Çağdaş Gazeteciler Derneği Genel Başkanı Tevfik Kızgınkaya: Gazetecilik, doğru ve gerçek haberin halka ulaşmasıdır. Bunu yapmıyorsanız, bir siyasi parti iktidarının beklentisi doğrultusunda haber yapmak gazetecilik değildir, o partinin sözcülüğünü yapmakt
Çağdaş Gazeteciler Derneği Genel Başkanı Tevfik Kızgınkaya, Can Ataklı'nın hazırlayıp sunduğu Yazıişleri programına konuk olarak katıldı.
Kızgınkaya'nın konuşmasından satır başları şöyle:
"Adalet Yürüyüşü, bir partinin yürüyüşünün ötesindeydi. Halkın kendi katılımı söz konusuydu. Zaten o katılımın getirdiği sinerji mitinge 2 milyonluk bir katılımı getirdi. 7’den 70’e herkesin katıldığı, kadın ve gençlerin çoğunlukta olduğu bir miting oldu. Halk adalete sahip çıktı.
Türkiye Cumhuriyeti tarihi açısından çok önemli bir gündü, çok önemli bir süreçti. Dünya siyasi tarihi açısından da çok önemli bir süreç yaşandı.
21. yüzyıl Türkiyesi’nde adalet aramak için yollara çıkmak üzücü ama toplumun adalete bu kadar sıcak sarılmasının sevincini de yaşamak lazım.
Yürüyüşün güzergahı boyunca siyasi iktidarın oy oranının büyük olduğu yerlerden geçildi. Yürüyüşü onaylamayanların pasif kalarak, gelip aktif olarak müdahale etmemesi demokratik açıdan çok önemliydi. Beklenilenin aksine büyük bir olay yaşanmadı. Yürüyüşün başladığı andan mitinge kadar ki süreçte hiçbir büyük olay çıkmadı, bir tek adli olay yaşanmadı. Bir sorun çıkmadan bu süreç tamamlandı. Emniyet kuvvetleri ve yürüyen kitle arasında pozitif bir ilişki oldu. Karşılıklı yardımlaşma oldu. Farklı düşünce yapısına sahip insanlar bir aradaydı. Bu toplumsal barış açısından çok önemliydi.
Sahiplenişin büyüklüğü artı değerdir, geleceğe dair umuttur. Ülkeyi yönetenlerin bundan ders çıkarmaları ve bu yürüyüşü doğru okumaları lazım.
Bundan sonra bu talepler sık sık dile getirilmeli. Adalet bir kavram ve bu kavramın altının doldurulması için gereken somut isteklerin ortaya çıkması gerekiyor. Kılıçdaroğlu’nun ortaya koyduğu 10 madde bu somut istekleri de ortaya çıkarıyor.

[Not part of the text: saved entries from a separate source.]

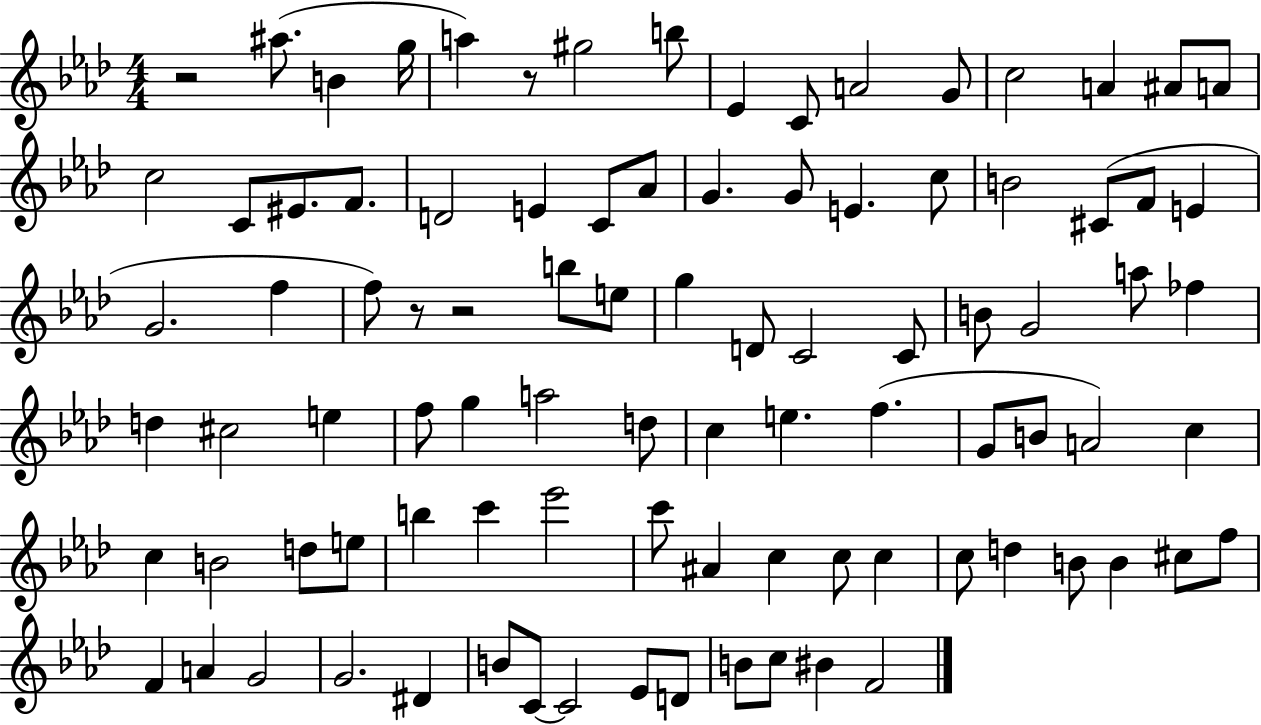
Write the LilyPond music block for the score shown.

{
  \clef treble
  \numericTimeSignature
  \time 4/4
  \key aes \major
  \repeat volta 2 { r2 ais''8.( b'4 g''16 | a''4) r8 gis''2 b''8 | ees'4 c'8 a'2 g'8 | c''2 a'4 ais'8 a'8 | \break c''2 c'8 eis'8. f'8. | d'2 e'4 c'8 aes'8 | g'4. g'8 e'4. c''8 | b'2 cis'8( f'8 e'4 | \break g'2. f''4 | f''8) r8 r2 b''8 e''8 | g''4 d'8 c'2 c'8 | b'8 g'2 a''8 fes''4 | \break d''4 cis''2 e''4 | f''8 g''4 a''2 d''8 | c''4 e''4. f''4.( | g'8 b'8 a'2) c''4 | \break c''4 b'2 d''8 e''8 | b''4 c'''4 ees'''2 | c'''8 ais'4 c''4 c''8 c''4 | c''8 d''4 b'8 b'4 cis''8 f''8 | \break f'4 a'4 g'2 | g'2. dis'4 | b'8 c'8~~ c'2 ees'8 d'8 | b'8 c''8 bis'4 f'2 | \break } \bar "|."
}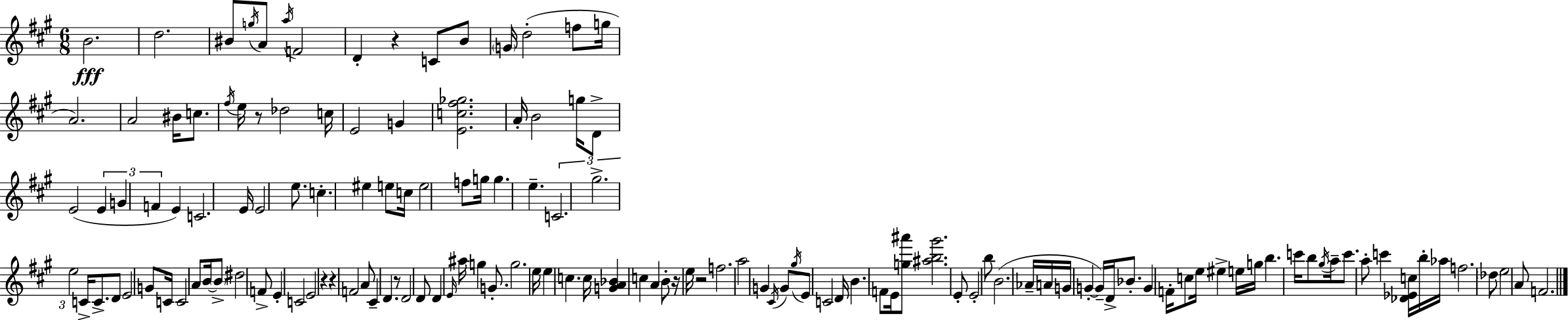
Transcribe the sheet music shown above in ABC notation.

X:1
T:Untitled
M:6/8
L:1/4
K:A
B2 d2 ^B/2 g/4 A/2 a/4 F2 D z C/2 B/2 G/4 d2 f/2 g/4 A2 A2 ^B/4 c/2 ^f/4 e/4 z/2 _d2 c/4 E2 G [Ec^f_g]2 A/4 B2 g/4 D/2 E2 E G F E C2 E/4 E2 e/2 c ^e e/2 c/4 e2 f/2 g/4 g e C2 ^g2 e2 C/4 C/2 D/2 E2 G/2 C/4 C2 A/2 B/4 B/2 ^d2 F/2 E C2 E2 z z F2 A/2 ^C D z/2 D2 D/2 D E/4 ^a/4 g G/2 g2 e/4 e c c/4 [GA_B] c A B/2 z/4 e/4 z2 f2 a2 G ^C/4 G/2 ^g/4 E/2 C2 D/4 B F/2 E/4 [g^a']/2 [^ab^g']2 E/2 E2 b/2 B2 _A/4 A/4 G/4 G G/4 D/4 _B/2 G F/4 c/2 e/4 ^e e/4 g/4 b c'/4 b/2 ^g/4 a/4 c'/2 a/2 c' [_D_Ec]/4 b/4 _a/4 f2 _d/2 e2 A/2 F2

Bu sürecin en fazla zararını gören tutuklu gazetecilerdir. Ne yazık ki haberi göremeyecek bir basın yayın organı var. 25 günlük yürüyüş, 2 milyon insanın katıldığı bir olay haber olamıyor. Gazeteci kimliğini taşıyan her meslektaşımızın bunu düşünmesi lazım.
Gazetecilik bir meslek, bir görev alanının dışında bir iş ve ticaret alanına dönüştüğü için bu yayın organları bu büyük olayı göremediler. Kendi ticari kaygıları ve var olan siyasi iktidar ile olan ilişkileri böyle büyük bir olayın gözükmemesini sağladı.
Gazetecilik halkın haber alma hakkını sağlamak için yapılır. Bu yapılan eksiklik halkın haber alma hakkının yerine getirilmemesidir. Buna en çok da halkın itiraz etmesi gerekir. Gazetecilik, doğru ve gerçek haberin halka ulaşmasıdır. Bunu yapmıyorsanız, bir siyasi parti iktidarının beklentisi doğrultusunda haber yapmak gazetecilik değildir, o partinin sözcülüğünü yapmaktır. Bunun adına gazetecilik deme şansımız yok. Türkiye’de bu kirlenişlikten kurtulmamız lazım.
Biz gazeteciler olarak kamu görevi yapan bir meslek grubuyuz. Kamu görevinde olması gereken de basın ahlak ilkelerine, etiğine, gerçeğine, doğrusuna sahip çıkılarak yapılmasıdır. Topluma ve demokrasiye karşı gerçek görevimizi yerine getirelim.
Birilerin istekleri doğrultusunda yayın yapmayan gazetecilerin yaptığı haber halkın kendisi için yapılan haberdir, kişiler için değildir. Halkımız gazetecilere ne kadar sahip çıkarsa; yaşamına, demokrasiye ve yarınlara da o kadar sahip çıkacaktır. Halkımız kendi haber hakkını savunan gazeteciye ve yayın organlarına sahip çıksın."